7. No plugin discovery for io packages

To add a 7th io package today, you must edit src/projio/mcp/server.py and add a registration block. There's no entry-point system, no pyproject.toml discovery hook. That's friction for a self-described ecosystem.

Recommendation: define a projio.subsystem entry-point group; each io package registers its MCP module + scaffold + sync via entry points. Server boot iterates entry points.

8. site.py at 733 LOC suggests accumulated mkdocs.yml munging

Wrapping mkdocs build/serve is a few dozen lines. The bulk is likely nav patching, theme config, plugin selection. That's defensible as cross-cutting glue (mkdocs touches biblio output, codio output, manuscript output, etc.) but worth refactoring into smaller composable pieces if any single section dominates.

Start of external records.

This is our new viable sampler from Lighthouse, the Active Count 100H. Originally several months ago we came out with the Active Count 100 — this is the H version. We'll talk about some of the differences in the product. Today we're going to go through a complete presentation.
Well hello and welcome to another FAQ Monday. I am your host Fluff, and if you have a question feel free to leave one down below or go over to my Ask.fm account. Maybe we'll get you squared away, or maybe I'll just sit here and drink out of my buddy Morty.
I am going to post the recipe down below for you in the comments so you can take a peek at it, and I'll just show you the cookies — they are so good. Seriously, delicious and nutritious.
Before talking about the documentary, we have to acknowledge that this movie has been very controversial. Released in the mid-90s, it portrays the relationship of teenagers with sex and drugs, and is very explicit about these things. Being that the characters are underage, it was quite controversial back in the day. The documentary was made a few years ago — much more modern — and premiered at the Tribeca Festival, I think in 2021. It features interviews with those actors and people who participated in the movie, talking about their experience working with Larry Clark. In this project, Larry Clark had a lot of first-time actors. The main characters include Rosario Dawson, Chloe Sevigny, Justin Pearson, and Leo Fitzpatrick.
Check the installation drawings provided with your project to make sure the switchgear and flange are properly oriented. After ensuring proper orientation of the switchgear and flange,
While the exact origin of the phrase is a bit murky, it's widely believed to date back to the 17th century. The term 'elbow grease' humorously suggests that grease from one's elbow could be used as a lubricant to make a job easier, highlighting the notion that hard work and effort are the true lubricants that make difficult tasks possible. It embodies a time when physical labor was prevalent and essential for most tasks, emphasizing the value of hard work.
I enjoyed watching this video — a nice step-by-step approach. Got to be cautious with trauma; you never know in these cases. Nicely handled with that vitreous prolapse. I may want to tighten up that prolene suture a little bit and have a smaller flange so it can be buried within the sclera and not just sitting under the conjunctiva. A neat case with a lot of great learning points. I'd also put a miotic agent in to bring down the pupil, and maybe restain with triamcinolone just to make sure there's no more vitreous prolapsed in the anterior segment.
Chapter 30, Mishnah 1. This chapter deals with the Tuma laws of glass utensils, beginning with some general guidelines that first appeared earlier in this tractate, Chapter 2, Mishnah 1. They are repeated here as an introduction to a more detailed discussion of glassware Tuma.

Convention audit (.projio/ entries)

Path Owned by Read by Verdict
config.yml projio all core
projio.mk sync makefiles load-bearing
packages.yml sync sync check usage
servers.json sync mcp check usage
render/ render.py pandoc, mkdocs load-bearing
filters/include.lua sync (copy) pandoc load-bearing
claude/ sync claude code load-bearing
skills/ sync agent_instructions load-bearing
biblio/ biblio biblio per-pkg consolidation
codio/ codio codio per-pkg consolidation
figio/ figio figio per-pkg consolidation
indexio/ indexio indexio per-pkg consolidation
notio/ notio notio per-pkg consolidation
pipeio/ pipeio pipeio per-pkg consolidation
site/ site.py mkdocs confirm role

External tool integration discipline

The candidate test cases:

  • DataLad: clean — projio shells out via helpers/, never replaces git/git-annex.
  • Pandoc: clean — projio generates pandoc-defaults.yaml and lua filter, then invokes pandoc directly.
  • MkDocs: thin wrapper, but site.py's 733 LOC suggests creeping ownership of mkdocs.yml — re-audit.
  • Snakemake: clean — pipeio shells out, with conda/pixi auto-detection. Good.
  • Jupyter / Marimo: pluggable backend protocol in pipeio. Exemplary.
  • Quarto (via report): unclear — report.py lives in projio MCP with no package home. Either commit to reportio or keep report as the thinnest possible Quarto invocation.
  • Zotero / OpenAlex / CrossRef: clean — biblio owns these; projio doesn't see them.
  • GitNexus (proposed): the right answer is peer MCP, no integration code. Add a doc note in agent_instructions; optionally one capability hook in pipeio_mod_audit for blast-radius-on-promotion if the value lands. No graphio. No codio enrichment. No .gitnexus/ integration in projio sync.

Action list (priority order)

  1. Extract questio. packages/questio/ with own pyproject, CLI, mcp.py. Move 1274 LOC out of projio.
  2. Move manuscripto/presentio into notio. notio.mcp.manuscript, notio.mcp.present. Projio MCP becomes shim re-registration.
  3. Decide on report. Either extract to reportio or shrink to a thin Quarto wrapper. Don't leave it as a 630-LOC orphan.
  4. Decompose sync.py into per-package sync() hooks. Projio sync becomes orchestrator.
  5. Decompose init.py into per-package scaffold() hooks. Same pattern.
  6. Audit cli.py + site.py for command/feature sprawl.
  7. Plugin discovery via entry points — set up projio.subsystem group; migrate one package as proof.
  8. GitNexus: add doc paragraph in agent_instructions describing it as a recommended peer MCP. No code.

Open questions

  • Should report graduate to a package, or is it a glue-only feature (Quarto invocation + frontmatter wiring)?
  • Are presentio/manuscripto in projio because notio doesn't yet have an MCP layer, or for some historical reason worth preserving?
  • Is the entry-point plugin model worth the refactor cost given that the io set is stable?
  • What's the test coverage of projio glue itself (sync, render, init)? The io packages have their own tests; projio's glue layer is the biggest source of integration risk.

Bottom line

Projio's "glue, like DataLad" identity is defensible and largely lived up to — but four specific drifts threaten it: (1) questio + report grew inside projio without earning their own packages; (2) manuscripto + presentio sit in projio when they belong in notio; (3) init.py and sync.py are doing per-package work that should live in the packages; (4) there's no plugin model so the ecosystem isn't actually open. None are crises; all are addressable with refactors that shrink projio rather than grow it. That direction is the right one.